Porquê a campanha contra as políticas de “covid zero”?

Antes de se virarem a atacar o fim das medidas de "covid zero" e em anunciar a iminência de milhões de mortes, a imprensa ocidental dedicou durante muitos meses os seus melhores esforços precisamente a denegrir essa política e a anunciar todo tipo de catástrofes devido à teimosia dos governantes chineses em mantê-la.

Já em outubro de 2020, após os primeiros meses de pandemia com um número chocante de mortos em países como os Estados Unidos, Reino Unido ou Brasil, o Financial Times, porta-voz da oligarquia britânica, anunciou que as rígidas medidas adotadas pela China, que permitiu reduzir ao mínimo o número de mortes, poderiam estar condenadas ao fracasso.

Passado mais de um ano e, enquanto nos países ocidentais o número de mortos e feridos permanentes por covid continuava a aumentar, na China não havia vestígios do suposto “fracasso” das suas medidas. Mesmo assim, o Financial Times não deu o braço a torcer. A 14 de novembro de 2021, colocava, sem dissimulações, as suas esperanças na variante Delta superar as medidas do governo de Xi Jinping e apagasse a vergonha de que, enquanto na China apenas 5.000 pessoas morreram de covid, no mui democrático e moderno Reino Unido, a política irresponsável de “imunidade de rebanho” já tinha causado mais de 200 mil mortes.

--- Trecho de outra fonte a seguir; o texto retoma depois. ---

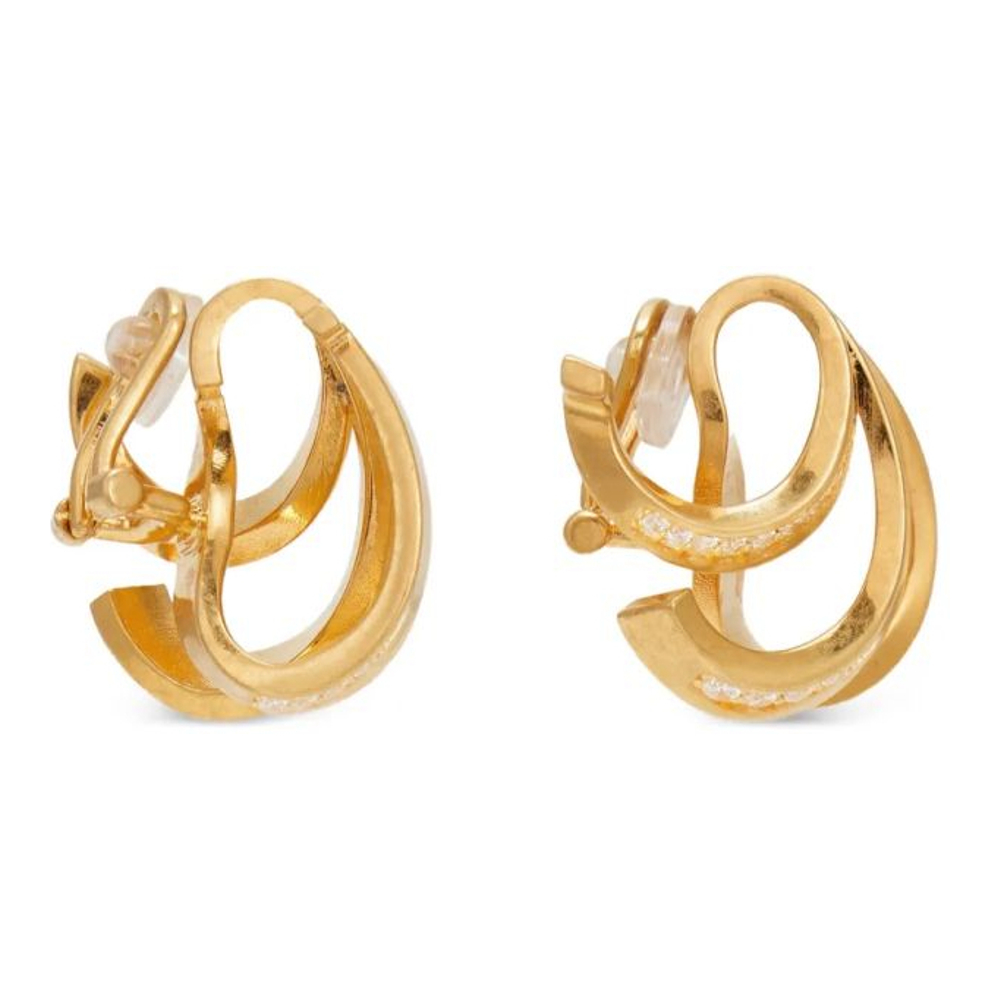 Boucles d'oreilles 'Triple Gancini' pour Femmes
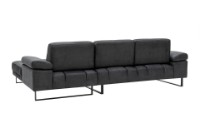 Угловой диван Atelier Del Sofa Mustang Small Right Anthracite фото №10 — интернет-магазин Desire.md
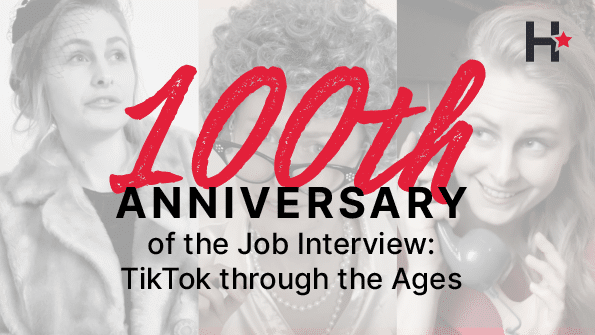 100th anniversary of the job interview: TikTok through the ages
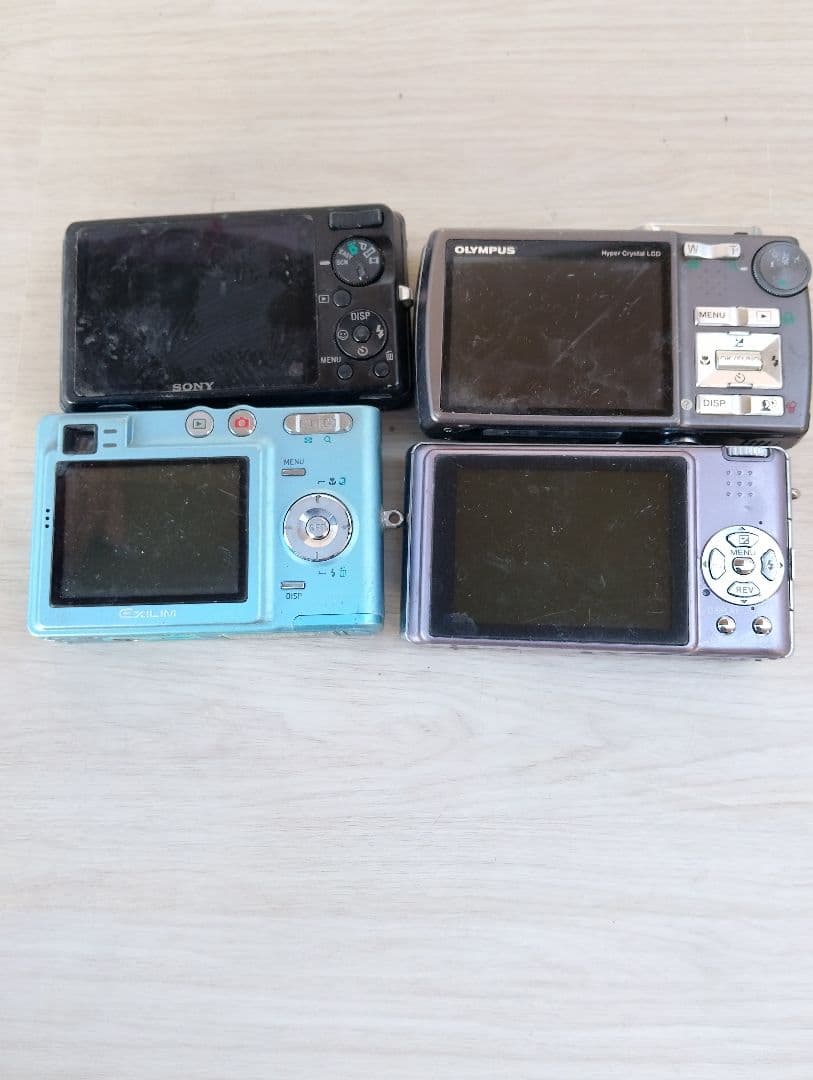 CASIO EXILIM EX-Z40 などまとめて4台（よ9）
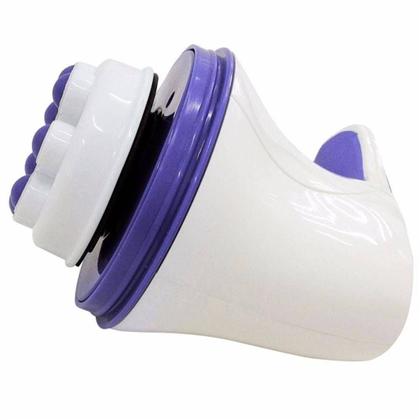 Imagem de Massageador Orbital 360º Spin Relax Tone 110V Linha Premium Elétrico Para Celulite Culote Quadril abdomen Tira Barriga Gordura Corpo Vibração Pescoço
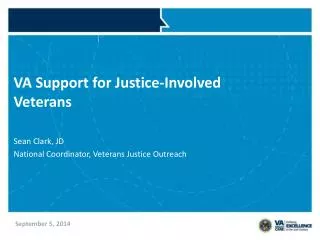 VA Support for Justice-Involved Veterans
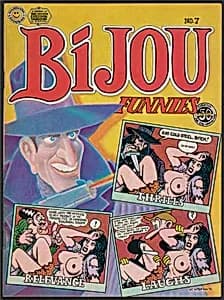 Portrait of Various Artists, Jay Lynch (editor, artist), Art Spiegelman (artist), Robert Crumb (artist), Skip Williamson (artist), Evert Geradts (artist), Justin Green (artist), Daniel Clyne (artist), Kitchen Sink Enterprises (publisher)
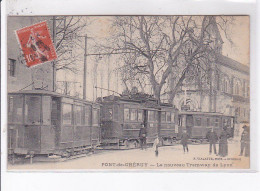 PONT-de-CHERUY: Le Nouveau Tramway De Lyon - Très Bon état - Pont-de-Chéruy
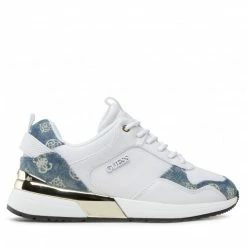 Sneakers Trainers GUESS - Metz FL6MTZ FAL12 WHIDE White -GUESS Sales Store 02 000209893540 ks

Mas caso essas previsões voltassem a falhar, o próprio FT abriu uma nova linha de ataque, logo replicada pelo melhor da imprensa ocidental. Não se tratava mais de mortes, agora o problema era que "a política covid zero de Pequim está a prejudicar os negócios internacionais e a governação global".1

A campanha contra o “covid zero” tornou-se lugar-comum na imprensa ocidental. Somente no mês de maio do ano passado o semanário The Economist, um dos melhores representantes do capitalismo global, dedicou-lhe semanalmente um espaço de destaque. No dia 7, denunciava "a loucura do covid zero" e como "as políticas erráticas da China estão a aterrorizar os investidores". No dia 14, destacava que “a política de covid zero tem sido uma praga para as empresas chinesas”. E em 26 de maio, dedicava um editorial ao assunto que, sob o título "Como Xi Jinping está a prejudicar a economia chinesa" concluiu que "este ano, a China pode ter dificuldade em crescer muito mais rápido que os Estados Unidos pela primeira vez desde 1990, após o massacre perto da Praça de Tiananmen”.

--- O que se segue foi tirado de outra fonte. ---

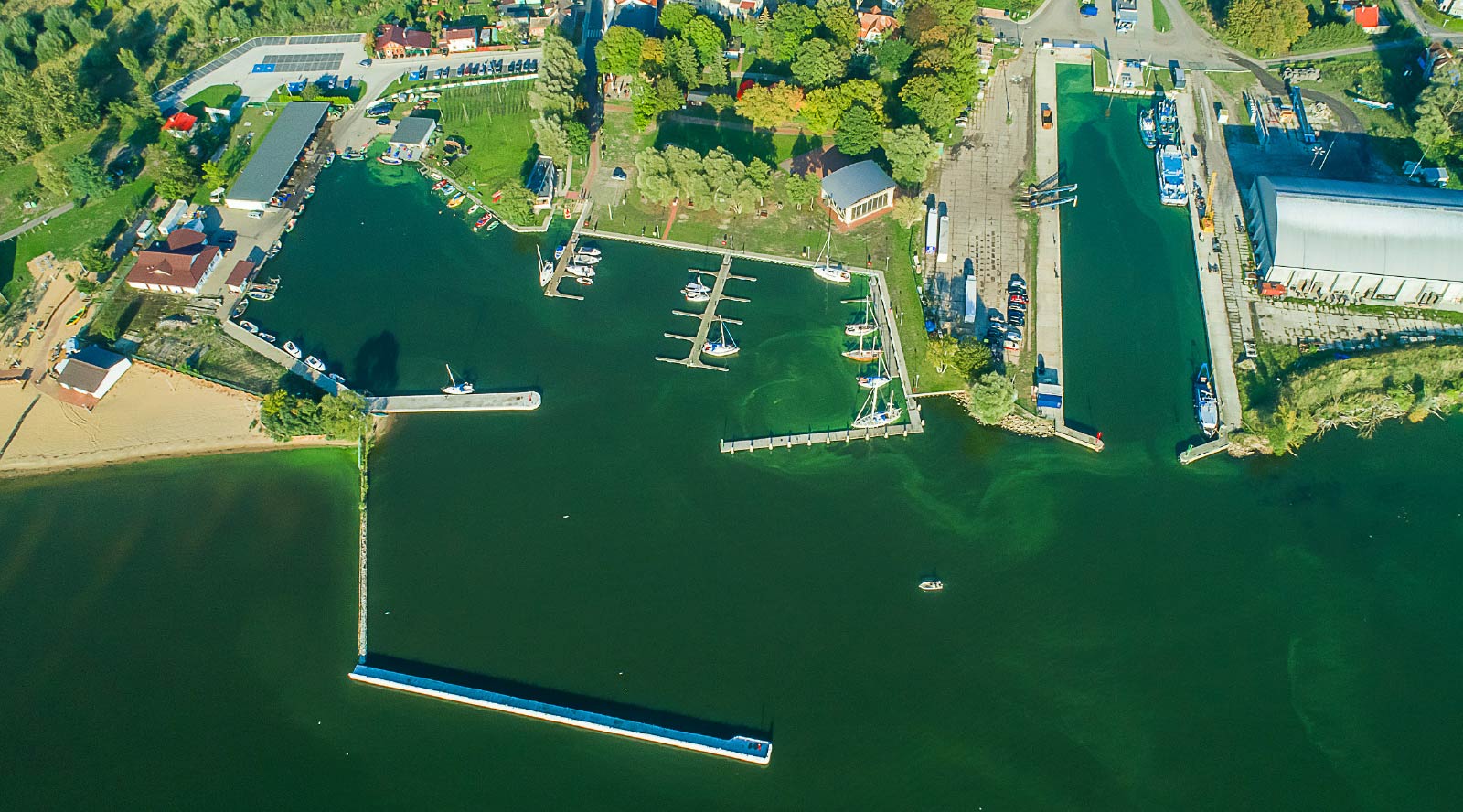 Przystań im. Kapitana Roberta Hilgendorfa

Os dados económicos refutam radicalmente as previsões do The Economist. Enquanto as potências capitalistas ocidentais mergulhavam na recessão em 2020, o regime capitalista de Estado da China conseguiu manter o crescimento económico de 2,2%.1 Em 2021, a China cresceu 8,1%, enquanto os Estados Unidos cresceram 5,9%, e em 2022 a China cresceu 3% enquanto os Estados Unidos, com dados não definitivos do Banco Mundial, 1,9%.

Mas nada disto vai perturbar a campanha raivosa anti-China na imprensa ocidental. Qualquer meio serve para fortalecer a decadente causa do imperialismo ianque. À medida que os Estados Unidos e seus aliados sofrem novos fracassos na arena internacional, à medida que os interesses do imperialismo chinês avançam firmemente no resto da Ásia, África, América Latina e até na Europa, a propaganda ocidental atingirá novos patamares de fraude. Devemos estar preparados para isso.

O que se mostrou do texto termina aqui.